Start of Exercise material

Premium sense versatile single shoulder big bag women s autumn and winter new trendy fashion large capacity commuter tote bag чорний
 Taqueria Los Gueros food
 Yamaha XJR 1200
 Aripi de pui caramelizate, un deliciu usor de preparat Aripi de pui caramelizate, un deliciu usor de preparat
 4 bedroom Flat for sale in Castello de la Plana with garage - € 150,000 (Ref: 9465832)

End of Exercise material

The reply must consist solely of the lines from the one containing "Taqueria Los Gueros food" through the last line in the material above, reproduced exactly.

### Result
 Taqueria Los Gueros food
 Yamaha XJR 1200
 Aripi de pui caramelizate, un deliciu usor de preparat Aripi de pui caramelizate, un deliciu usor de preparat
 4 bedroom Flat for sale in Castello de la Plana with garage - € 150,000 (Ref: 9465832)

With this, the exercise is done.